# Mapping Resources > Reference Material >  Norscand Geofiction Maps....

## thebax2k

Creating a fictional country is a favorite pastime for quite a few on the net.  With sites like http://www.nationstates.net/page=welcome, http://www.cybernations.net/, and http://micronations.wikia.com/wiki/Main_Page there are quite a few examples to choose from.

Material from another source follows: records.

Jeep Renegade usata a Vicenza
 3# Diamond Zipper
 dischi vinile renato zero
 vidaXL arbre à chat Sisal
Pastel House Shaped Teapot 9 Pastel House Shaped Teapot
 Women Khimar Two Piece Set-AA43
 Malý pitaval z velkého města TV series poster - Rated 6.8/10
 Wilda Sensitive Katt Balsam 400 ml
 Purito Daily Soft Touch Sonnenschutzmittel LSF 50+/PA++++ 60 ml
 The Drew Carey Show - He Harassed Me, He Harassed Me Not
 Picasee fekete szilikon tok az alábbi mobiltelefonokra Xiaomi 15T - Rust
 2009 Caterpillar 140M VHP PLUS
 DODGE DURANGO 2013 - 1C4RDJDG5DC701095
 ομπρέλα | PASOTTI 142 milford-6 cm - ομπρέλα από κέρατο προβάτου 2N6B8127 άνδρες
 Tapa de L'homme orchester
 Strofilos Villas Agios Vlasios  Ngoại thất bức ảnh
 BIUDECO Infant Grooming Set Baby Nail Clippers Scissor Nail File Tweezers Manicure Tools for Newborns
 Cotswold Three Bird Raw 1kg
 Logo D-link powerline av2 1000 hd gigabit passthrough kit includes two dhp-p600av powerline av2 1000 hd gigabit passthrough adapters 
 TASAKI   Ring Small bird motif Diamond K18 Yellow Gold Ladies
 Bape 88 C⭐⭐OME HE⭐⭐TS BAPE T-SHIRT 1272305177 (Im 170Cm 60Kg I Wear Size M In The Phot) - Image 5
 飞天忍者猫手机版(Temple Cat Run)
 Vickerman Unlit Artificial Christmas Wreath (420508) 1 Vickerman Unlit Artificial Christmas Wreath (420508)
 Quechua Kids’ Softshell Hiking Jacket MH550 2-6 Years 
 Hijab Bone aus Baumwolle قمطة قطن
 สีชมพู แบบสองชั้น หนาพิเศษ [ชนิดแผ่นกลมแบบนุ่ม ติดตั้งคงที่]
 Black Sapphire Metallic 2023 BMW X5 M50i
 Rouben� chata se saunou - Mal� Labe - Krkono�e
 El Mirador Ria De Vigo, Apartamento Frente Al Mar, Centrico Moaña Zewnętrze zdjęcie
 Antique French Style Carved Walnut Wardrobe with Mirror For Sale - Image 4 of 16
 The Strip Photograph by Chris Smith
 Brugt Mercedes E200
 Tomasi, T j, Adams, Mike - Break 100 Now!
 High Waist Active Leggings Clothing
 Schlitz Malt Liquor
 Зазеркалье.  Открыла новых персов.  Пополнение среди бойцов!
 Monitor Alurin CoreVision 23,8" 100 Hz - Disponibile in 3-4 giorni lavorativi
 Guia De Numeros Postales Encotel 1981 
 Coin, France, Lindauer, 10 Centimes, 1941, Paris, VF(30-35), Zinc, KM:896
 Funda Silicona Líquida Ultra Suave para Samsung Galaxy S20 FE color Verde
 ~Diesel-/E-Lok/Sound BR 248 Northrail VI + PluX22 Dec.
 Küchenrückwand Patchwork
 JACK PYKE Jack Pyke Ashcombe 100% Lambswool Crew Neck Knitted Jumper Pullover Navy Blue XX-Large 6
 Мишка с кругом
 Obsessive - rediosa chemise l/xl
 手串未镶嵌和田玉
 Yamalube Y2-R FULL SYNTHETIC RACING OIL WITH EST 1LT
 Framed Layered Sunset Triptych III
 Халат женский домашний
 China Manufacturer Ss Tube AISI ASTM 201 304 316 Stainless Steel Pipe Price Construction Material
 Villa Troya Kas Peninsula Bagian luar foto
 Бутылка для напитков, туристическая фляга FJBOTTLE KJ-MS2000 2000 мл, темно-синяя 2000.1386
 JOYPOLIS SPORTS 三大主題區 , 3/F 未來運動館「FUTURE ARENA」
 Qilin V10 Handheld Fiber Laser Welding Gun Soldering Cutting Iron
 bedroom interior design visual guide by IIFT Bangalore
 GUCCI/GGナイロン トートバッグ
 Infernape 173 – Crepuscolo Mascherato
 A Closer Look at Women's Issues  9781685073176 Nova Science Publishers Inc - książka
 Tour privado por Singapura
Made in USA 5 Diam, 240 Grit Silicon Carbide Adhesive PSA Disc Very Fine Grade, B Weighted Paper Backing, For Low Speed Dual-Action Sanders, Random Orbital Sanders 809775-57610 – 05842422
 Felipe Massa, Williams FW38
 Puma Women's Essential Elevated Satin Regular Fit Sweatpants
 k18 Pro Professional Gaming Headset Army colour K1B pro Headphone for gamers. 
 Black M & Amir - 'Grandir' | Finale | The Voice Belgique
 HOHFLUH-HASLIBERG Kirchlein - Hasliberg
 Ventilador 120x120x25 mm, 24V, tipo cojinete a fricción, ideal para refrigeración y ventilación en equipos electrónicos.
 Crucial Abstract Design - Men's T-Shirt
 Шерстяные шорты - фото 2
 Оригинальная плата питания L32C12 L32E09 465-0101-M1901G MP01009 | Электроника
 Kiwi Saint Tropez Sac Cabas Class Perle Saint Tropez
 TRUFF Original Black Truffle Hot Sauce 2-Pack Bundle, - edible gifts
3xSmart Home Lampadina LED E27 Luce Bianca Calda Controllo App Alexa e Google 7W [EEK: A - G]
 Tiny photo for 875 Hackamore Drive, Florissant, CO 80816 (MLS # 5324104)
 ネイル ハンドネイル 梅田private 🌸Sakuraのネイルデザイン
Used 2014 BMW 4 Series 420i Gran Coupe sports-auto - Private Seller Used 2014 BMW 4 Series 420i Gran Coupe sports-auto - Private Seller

However, one of the most impressive examples I have come across is the Continent of Norscand at http://norscand.net/news.shtml.  Home to four fictional countries, the sheer amount of work put into the site is incredible--as are the maps, some of which approach A2area quality.  (Warning: very large files)  Take a look at the continental map: http://www.norscand.net/images/norscand-overview.png, the map of the City of Yordam: http://www.norscand.net/images/yordam-metro-area.png, and the maps of the City of Yogo: http://www.norscand.net/regional/scansey/yogost.shtml.  In addition, there are numerous road and transit maps for all four countries.

----------


## tilt

thats amazing work... but one can't really have a job while doing this, right?  *lol*

----------


## ravells

LOL I was thinking exactly the same thing tilt...either that or the author's been drawing these maps since he was 5 years old...

----------


## Andartar

Impressive work! Maybe it's time to put some more effort into mapmaking haha

----------


## Andartar

If you haven't done so already, I suggest you check out this site; http://www.bergonia.org/, he has done an impressive work to say the least!

----------